Exactly the lines from the one with "G Shock GM2100M-1A Watch Silver/Black" through the final line of the entries, and nothing else, should appear in the answer; no pictures go in it.

BEGIN PROVIDED RECORDS

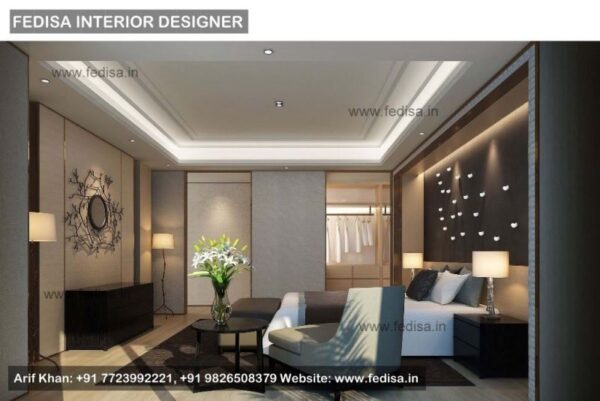 Interior Design Home Interior Design Top Interior Design Home Interior Designers Near Me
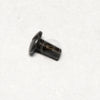 SS-7110910-SP Screw Juki Double Needle Lock-Stitch Sewing Machine Spare Part
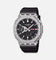G Shock GM2100M-1A Watch Silver/Black
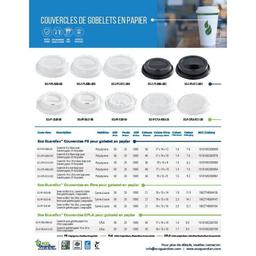 Product thumb gallery 133023786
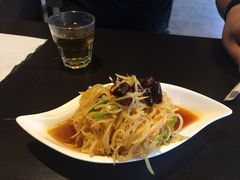 滇越乘象云南餐厅(豆各庄店)-滇越乘象云南餐厅(豆各庄店)
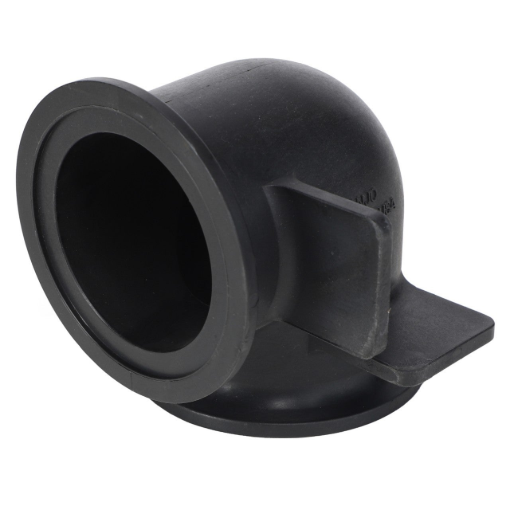 Afbeeldingen van ELBOW FITTING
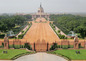 Rastrapati Bhavan
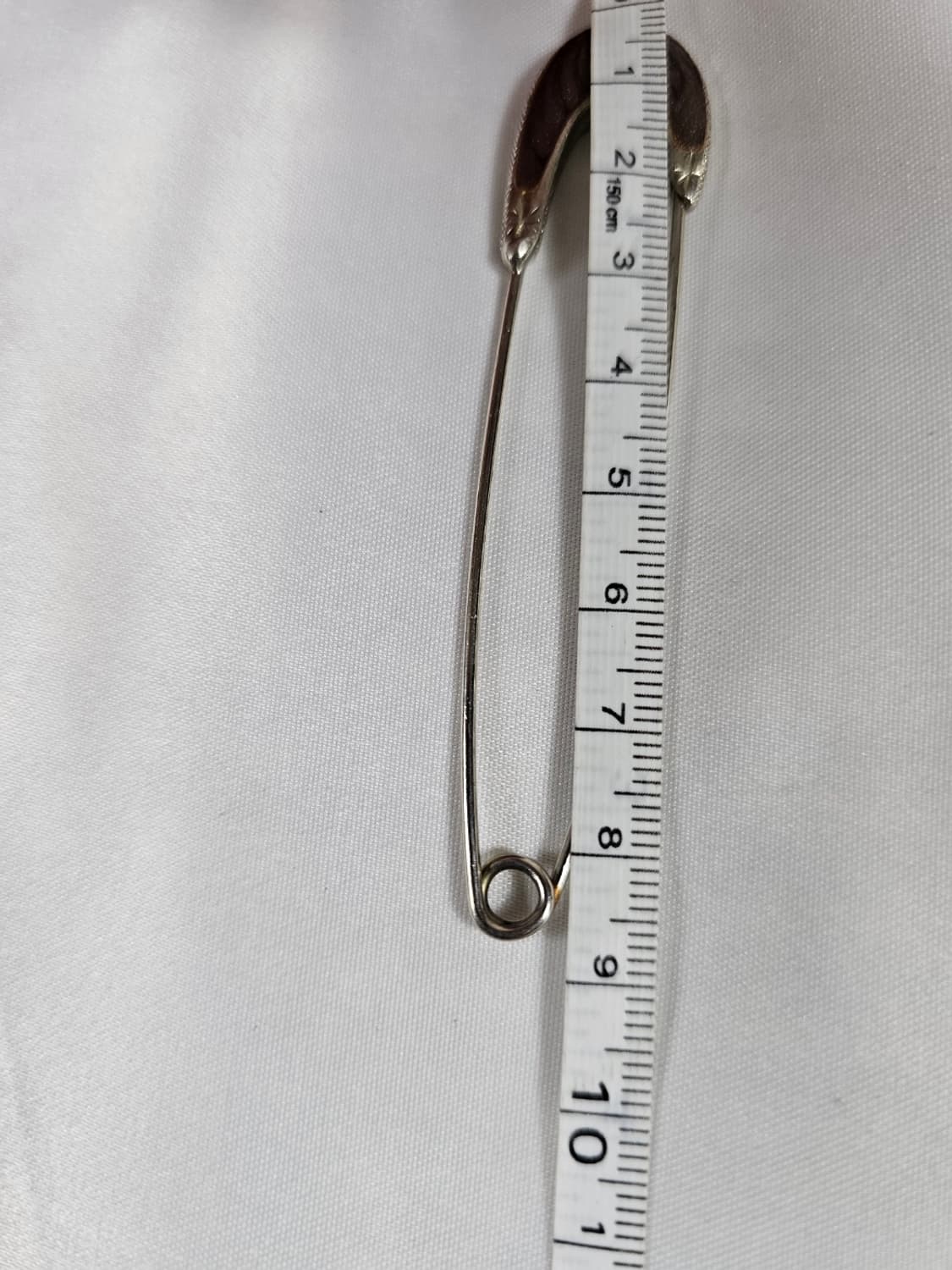 패션옷핀 상품이미지4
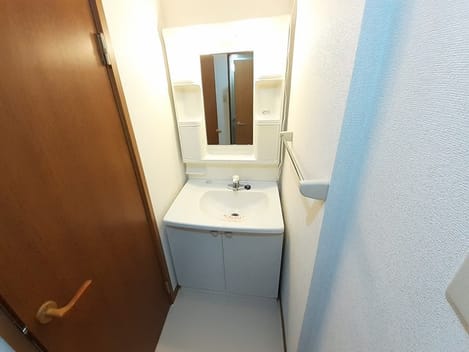 Naikan4 20220808000000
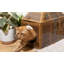 Lit pour animal Durousseau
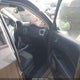 3C4NJCBB4KT613540 2019 Jeep Compass Latitude Fwd auction photo thumbnail 5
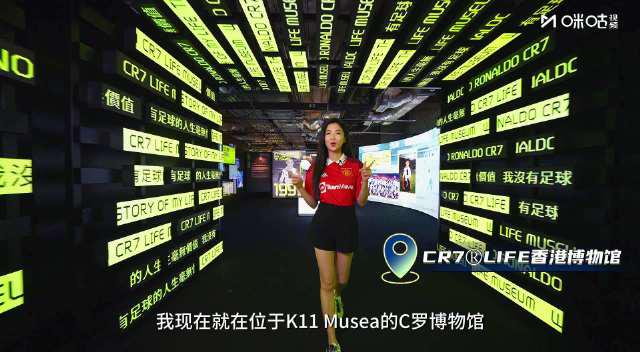 海外华人追剧遇阻?这些方法帮你突破地区限制流畅观看国内影视综艺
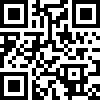 https://news.emdad.ir/xN5h
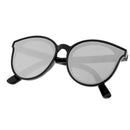 3x Childrens Kids Toddler Shades Sunglasses UV400 Eyewear For Boys Girls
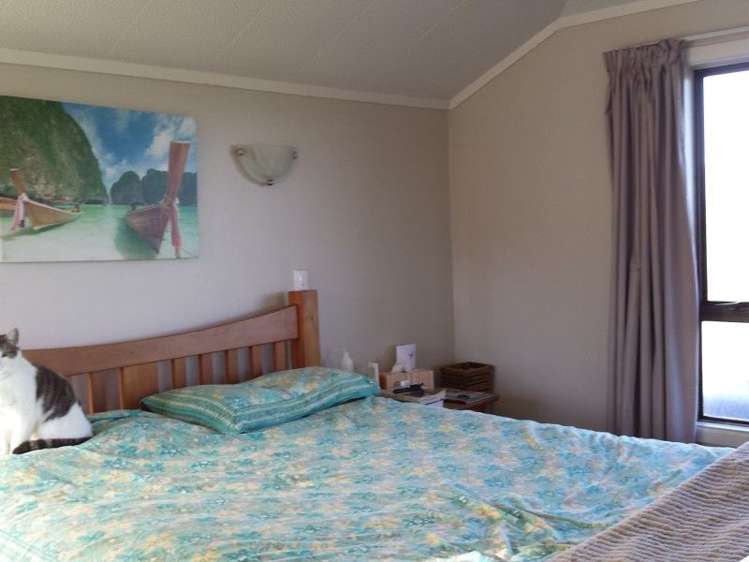 103 Kupara Road Ratapiko_5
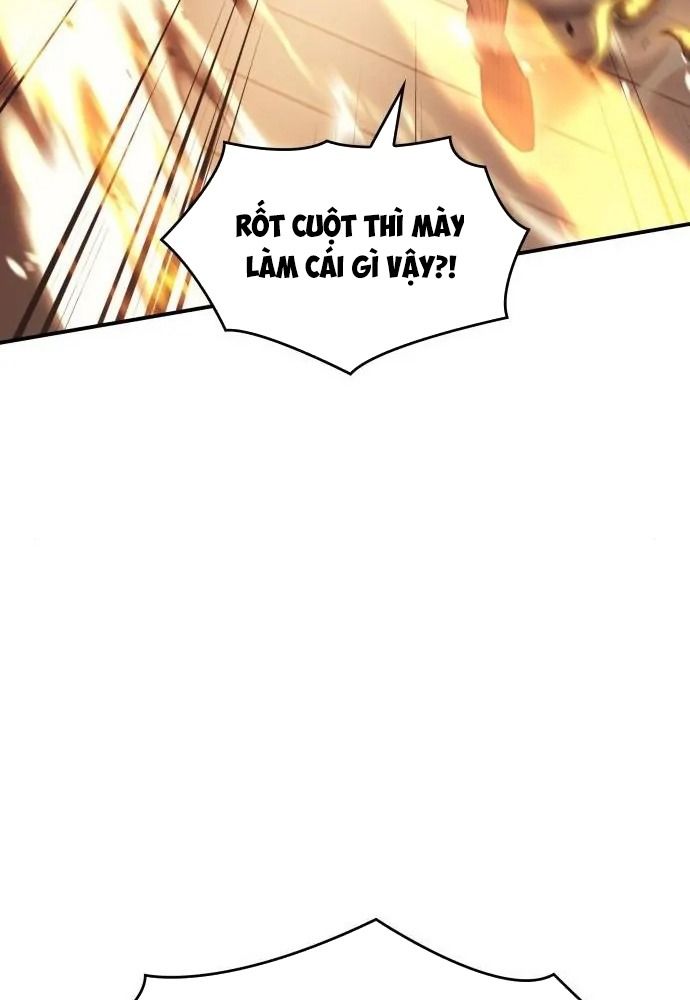 Hồi Quy Với Sức Mạnh Của Nhà Vua: Chapter 11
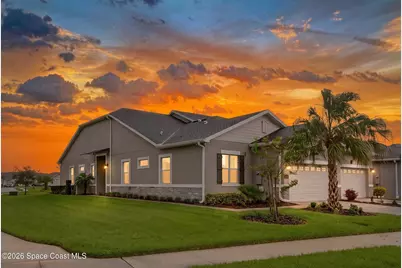 3068 Avalonia Drive, Melbourne, FL 32940 - Photo 23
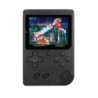 400 în 1 MINI Jocuri Jucători de jocuri portabile Consolă video retro portabilă Boy 8 biți 3,0 inci Jocuri cu ecran LCD color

END PROVIDED RECORDS

THE COMPLETED TASK
G Shock GM2100M-1A Watch Silver/Black
 Product thumb gallery 133023786
 滇越乘象云南餐厅(豆各庄店)-滇越乘象云南餐厅(豆各庄店)
 Afbeeldingen van ELBOW FITTING
 Rastrapati Bhavan
 패션옷핀 상품이미지4
 Naikan4 20220808000000
 Lit pour animal Durousseau
 3C4NJCBB4KT613540 2019 Jeep Compass Latitude Fwd auction photo thumbnail 5
 海外华人追剧遇阻?这些方法帮你突破地区限制流畅观看国内影视综艺
 https://news.emdad.ir/xN5h
 3x Childrens Kids Toddler Shades Sunglasses UV400 Eyewear For Boys Girls
 103 Kupara Road Ratapiko_5
 Hồi Quy Với Sức Mạnh Của Nhà Vua: Chapter 11
 3068 Avalonia Drive, Melbourne, FL 32940 - Photo 23
 400 în 1 MINI Jocuri Jucători de jocuri portabile Consolă video retro portabilă Boy 8 biți 3,0 inci Jocuri cu ecran LCD color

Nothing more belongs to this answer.